Koller died Nov. 15 at his assisted-living apartment in North St. Paul, surrounded by his children and their families. He was 94.

After college, Koller moved to Minnesota for a job with 3M, in its industrial tape lab. He stayed for the next 38 years. During that time, he worked on various special projects, including a small but valuable role in the 1973 Skylab mission to repair a heat shield that had been damaged during liftoff.

“If it wasn’t repaired, the Skylab module was going to overheat,” said his son, James Koller.

Running short on time and solutions, NASA put out a call for industrial tape specialists and other experts to devise ways to repair the solar shield, which protected the $2.5 billion orbiting laboratory from meteoroids and high temperatures. At 3M, Koller’s name was at the top of the list.

“When the chips were down, and they were asking people at 3M, ‘Who do we send?’ ‘Who do we talk to?’ ” James Koller recalled. “And 3M said, ‘Well the person you need to talk to is Paul Koller.’ ”

Koller was attending a son’s college graduation when he heard his name paged over the loudspeaker. It was all he could do to grab a couple boxes of experimental gold-backed tape — the kind used to repair airplane wings and able to withstand extreme temperatures and heavy winds — before catching a flight to Chicago, where a police escort whisked him to another plane bound for St. Louis.

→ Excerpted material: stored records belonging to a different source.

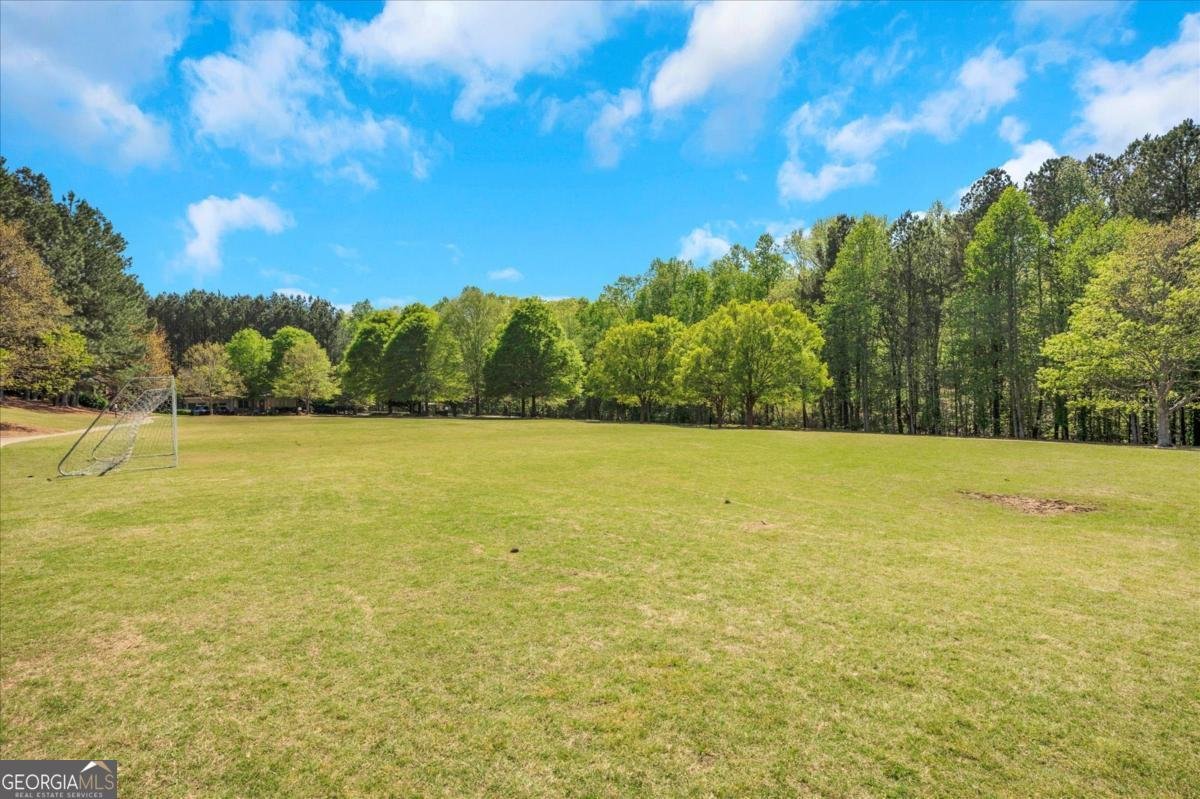 427 Retreat Lane Canton - 49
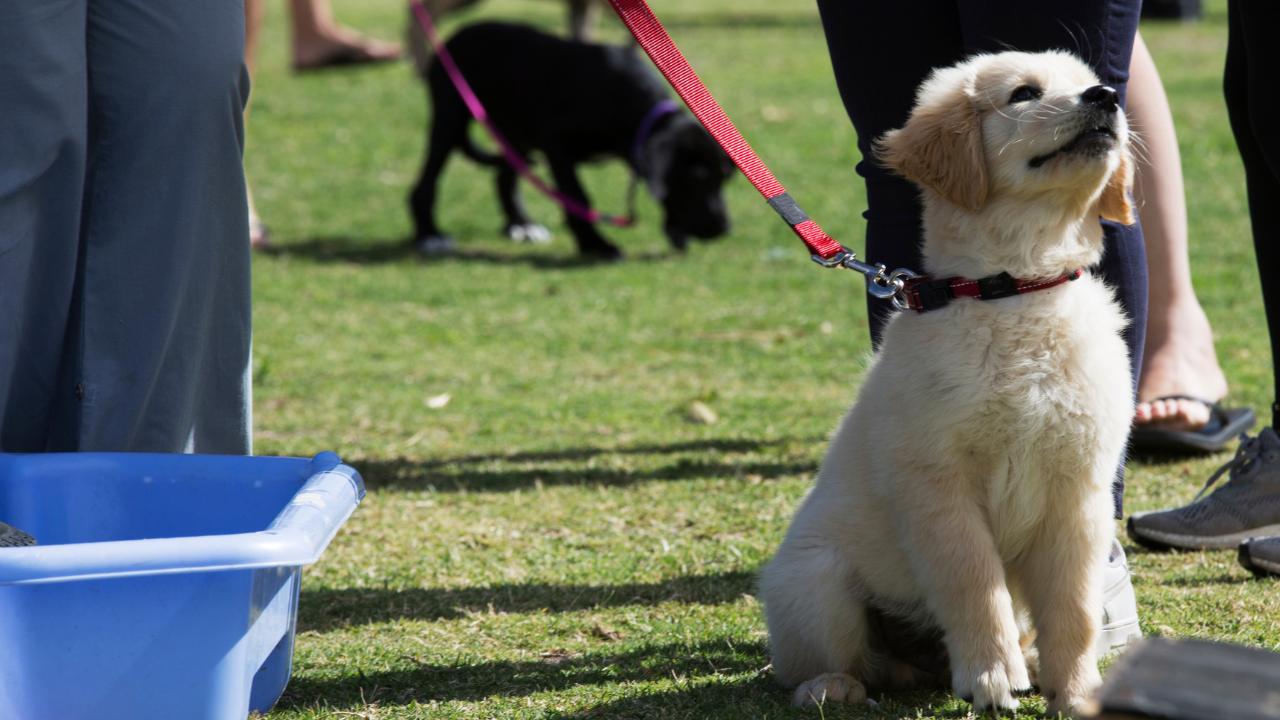 Puppy Training Classes - Palm Beach Dog Training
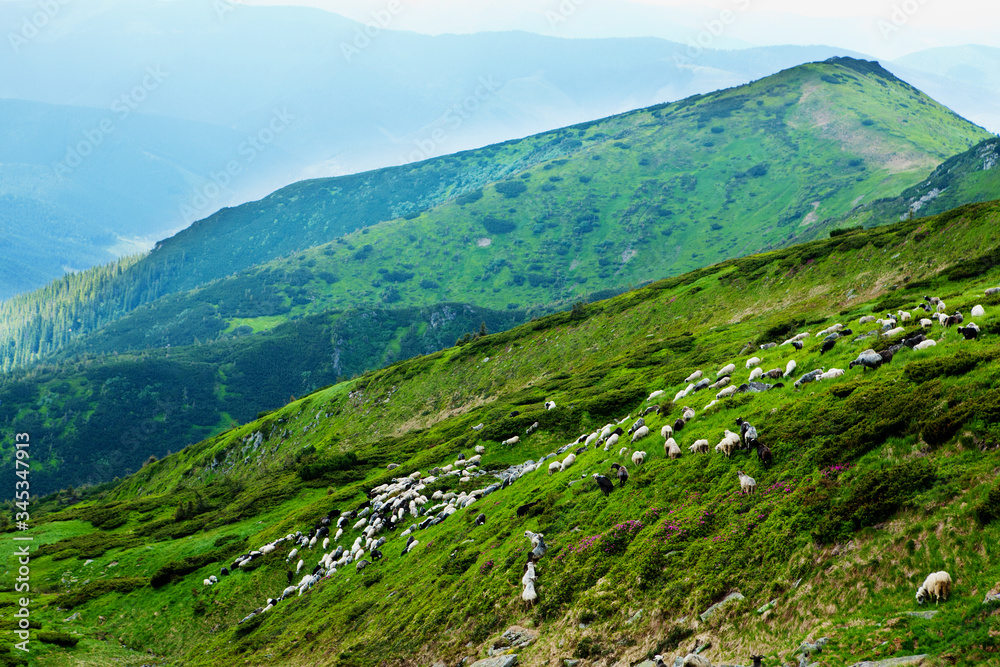 Sheep in the Carpathian Mountains.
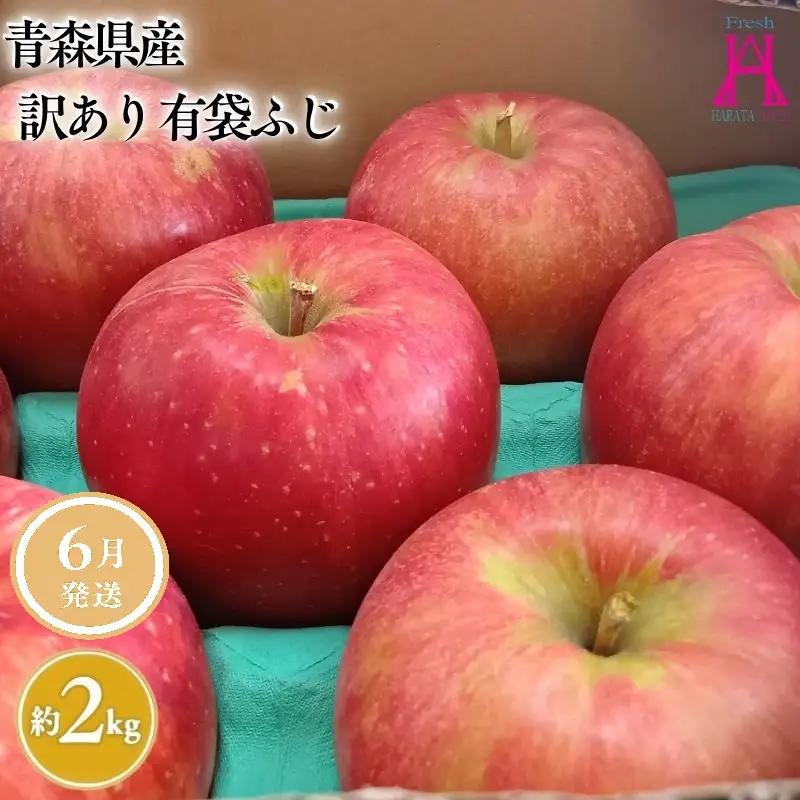 りんご 有袋ふじ 家庭用 約2kg りんご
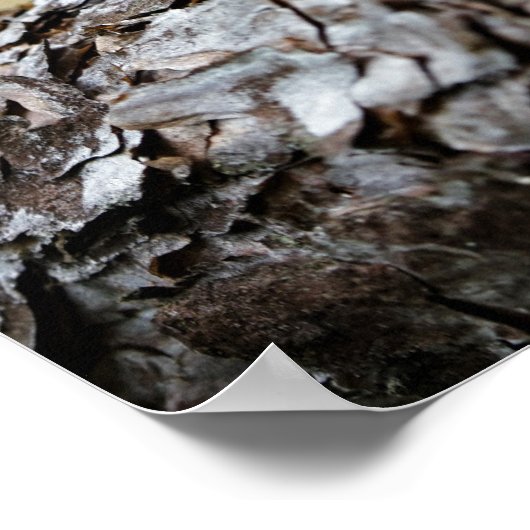 Acorn elf fietst zonder poster te houden (Hoek)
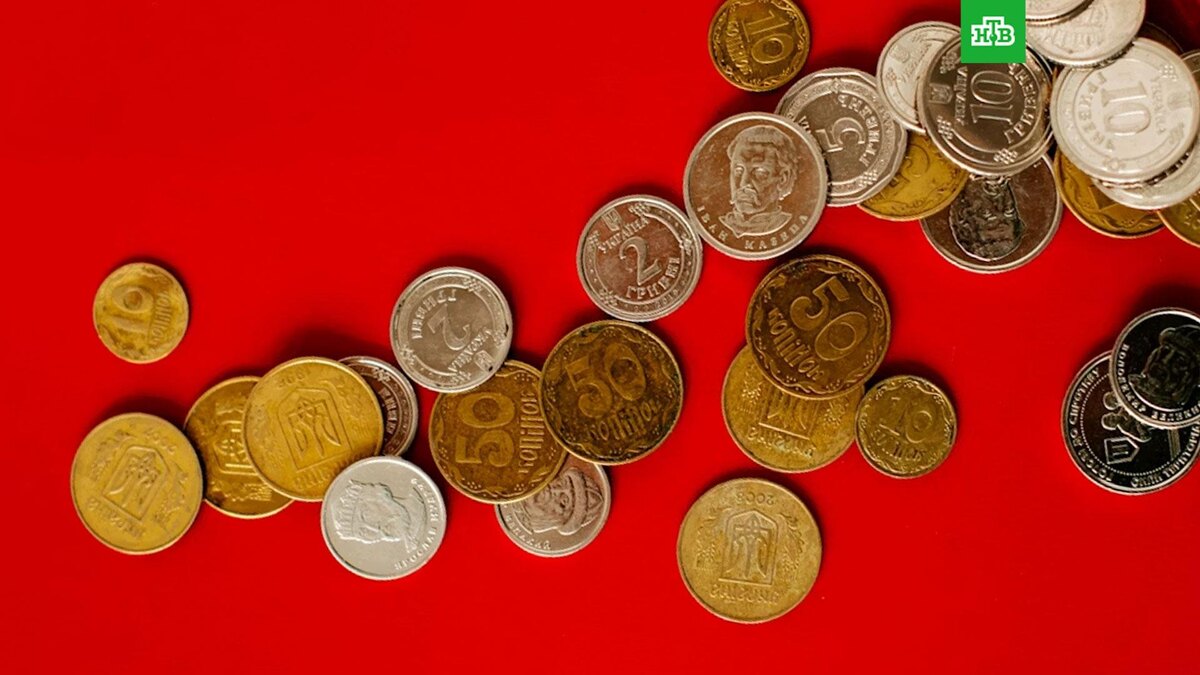    Фото: Kateryna Hliznitsova / unsplash.com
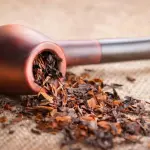 Mix di Tabacco e calendula all'epoca dei Maya: nuova ipotesi sulle abitudini del popolo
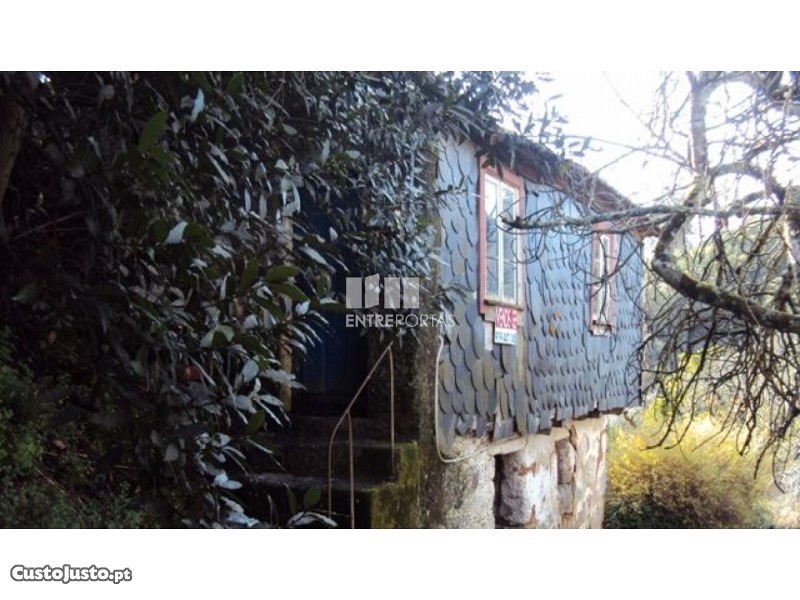 1 غرف نوم منزل في Baiao, Portugal رقم 80665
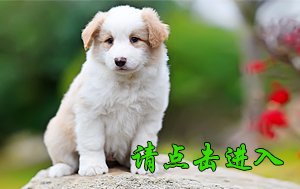 感谢内蒙古曹先生第二次购买 卡秋 公A1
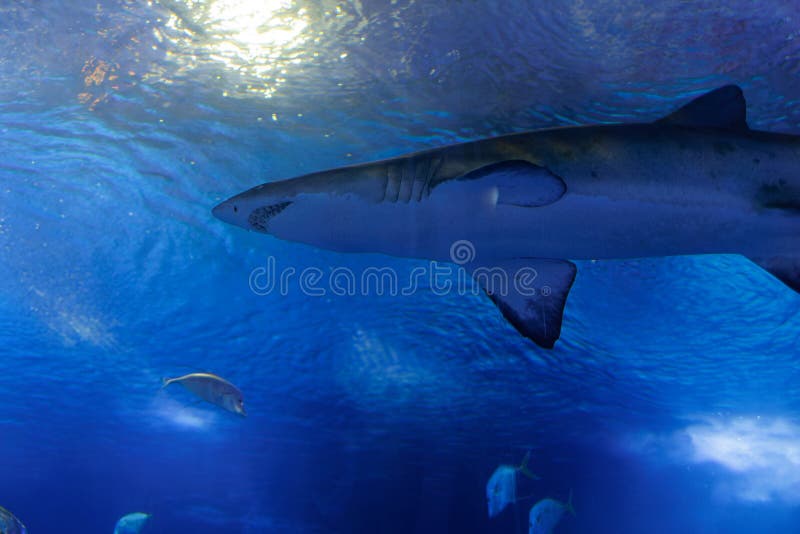 Medium Sized Shark Inside an Aquarium, Fish Theme Stock Image Image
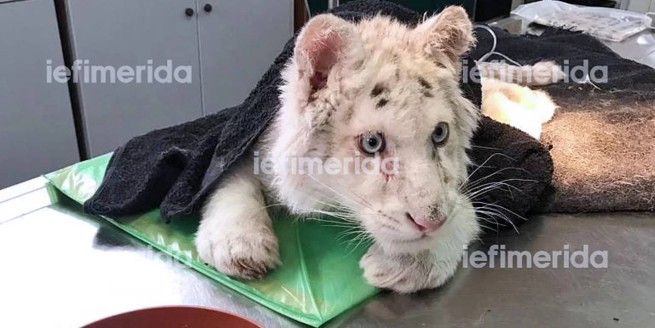 Зоопарк Аттики: белого тигра нашли брошенным под мусорным баком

The astronauts on the Skylab mission spent 28 days in orbit, the longest such space stay at the time, and landed back on Earth to a hero’s welcome. Koller, meanwhile, was one of the faceless many who worked behind the scenes to ensure the mission’s success.

Koller often spoke proudly of his humble beginnings, having grown up in Edgemont, a speck of a town in the Black Hills of South Dakota.

Koller, who earned a master’s degree in chemistry from the University of Detroit, married his wife of 60 years, Philomene, and later moved to Minnesota. They had seven children: five boys and two girls.

Helping others was his calling, Mary Koller said of her father. After retiring from 3M, he started volunteering wherever he could. That giving spirit eventually led him to Hill-Murray, where he worked in the attendance office and the athletics department, she said.

“People just got used to seeing him around, and he was only around on Thursdays,” Mary Koller said.

In 2013, the school honored him with the Lasallian award, given to faculty, staff and volunteers, both past and current, who “embody the charisms of our founding religious orders.”

Weeks after his death, a group of current hockey players showed up unexpectedly at his wake to honor “one of our greatest fans,” posing for a photo in front of a poster of Koller, dressed in his trademark green and white Pioneer sweater, a gift from a daughter-in-law. For the rest of the 2018-2019 season, the team will wear special helmet decals with his initials, “PK.”

Koller is survived by his brother James; children Paul, Mary, Karen, Peter, Joseph, James and Karl; 15 grandchildren and one great-grandson.

He is buried at St. Mary’s Cemetery in North St. Paul.